Just as impressive is "Fly Around My Blue-Eye Gal," a reel that Smith improvised on the piano. Lomax's liner-note description of Smith's methodology is apt: "First he tries several chords until he finds the opening chord of his tune. This he presses down several times and tries to reassure himself, and then his fingers begin to fly as if he were picking a banjo instead of tickling the ivories." Another Smith number, "Graveyard Blues," proves that country did not develop in a vacuum. Smith told Lomax that he encountered his first guitar around the time of World War I, when a black construction gang came through Saltville, Virginia. It makes perfect sense, then, that Smith's guitar-playing on "Graveyard" should exhibit the feel of African-American blues.

Blues has been called the universal language of American music, inspiring the makers of jazz and swing as well as rock-and-rollers like Bob Dylan, Janis Joplin, Eric Clapton and Jerry Garcia, all of whom began as folk or blues revivalists. But its influence on country is often overlooked by many otherwise sophisticated listeners, even though the man considered to be the first country star, Mississippi's Jimmie Rodgers, was really a country blues singer who, like Elvis, introduced black music to a white audience. In the early years of his career, Rodgers actually performed in blackface, acknowledging his debt to the black minstrelsy that eventually stamped both blues and country music. (Minstrelsy was a product of the plantation system. By contrast, the blues developed after the Civil War during the transition from slavery to tenant farming--a system that virtually guaranteed increased debt and powerlessness for the tenant.)

In fact, the main difference between country blues pickers like Smith and Delta players like McDowell was McDowell's use of non-standard tunings and slide techniques. He wore a bottleneck on one finger of his left hand, leaving the other digits free for short runs and allowing him to pick with the fingers of his right hand. On "61 Highway Blues," "Keep Your Lamps Trimmed and Burning" and "Soon One Morning," all of which can be found on volume three of Southern Journey (61 Highway Mississippi: Delta Country Blues, Spirituals, Work Songs and Dance Music), he achieves quiet, single-string effects by employing this tack.

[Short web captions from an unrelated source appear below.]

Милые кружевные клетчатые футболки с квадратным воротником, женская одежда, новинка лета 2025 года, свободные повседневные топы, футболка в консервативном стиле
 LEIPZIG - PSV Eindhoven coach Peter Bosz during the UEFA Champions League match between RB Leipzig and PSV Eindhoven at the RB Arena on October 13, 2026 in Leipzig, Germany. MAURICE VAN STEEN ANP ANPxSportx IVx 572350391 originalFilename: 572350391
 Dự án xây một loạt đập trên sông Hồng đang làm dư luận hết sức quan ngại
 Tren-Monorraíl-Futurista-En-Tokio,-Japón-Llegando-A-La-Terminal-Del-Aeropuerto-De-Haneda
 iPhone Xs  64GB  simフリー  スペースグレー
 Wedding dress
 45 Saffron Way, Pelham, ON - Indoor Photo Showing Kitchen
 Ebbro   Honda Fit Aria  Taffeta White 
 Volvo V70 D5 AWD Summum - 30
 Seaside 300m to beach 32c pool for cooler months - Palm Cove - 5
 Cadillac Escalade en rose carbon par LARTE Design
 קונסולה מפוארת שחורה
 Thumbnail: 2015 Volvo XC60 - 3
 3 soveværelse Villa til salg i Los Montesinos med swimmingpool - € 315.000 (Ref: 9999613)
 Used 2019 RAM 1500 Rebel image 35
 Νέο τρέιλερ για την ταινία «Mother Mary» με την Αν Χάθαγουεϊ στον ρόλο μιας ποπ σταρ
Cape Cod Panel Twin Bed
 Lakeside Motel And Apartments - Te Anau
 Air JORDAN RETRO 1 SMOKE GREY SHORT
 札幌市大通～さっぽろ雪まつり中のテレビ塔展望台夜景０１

Among those captivated by McDowell were the members of the Rolling Stones, who invited the bluesman to England in the Seventies and gave him a silver lame suit. In The Land Where the Blues Began, Lomax sourly points out that McDowell was buried in the outfit and suggests that his death may have been hastened by the high living he experienced in the wake of his newfound fame-by-association. Circa the Fifties, Lomax was a defender of rock and roll, even praising it in articles. But later in life, he could not suppress a certain resentment of white musicians who earned success playing blues licks without adequately re-creating the feeling of the Delta. To him, the blues was and always will be a response to disillusionment and hardship--an "aesthetic revolution" that profoundly changed the nature of American music. "We're so familiar with blues today that we take them for granted," he wrote. "We often forget that the blues is the only song form in English that allows the singer to pose problems, raise issues, make complaints, and then provide a cynical or satirical response. The blues has the magical property of allowing you to improvise a comment on life."

Of course, Lomax did not take advantage of these possibilities personally; he understood that he did his best work behind the scenes. But by giving a voice to the previously voiceless, as he does on Southern Journey, he made a statement of his own. And an eloquent one it was.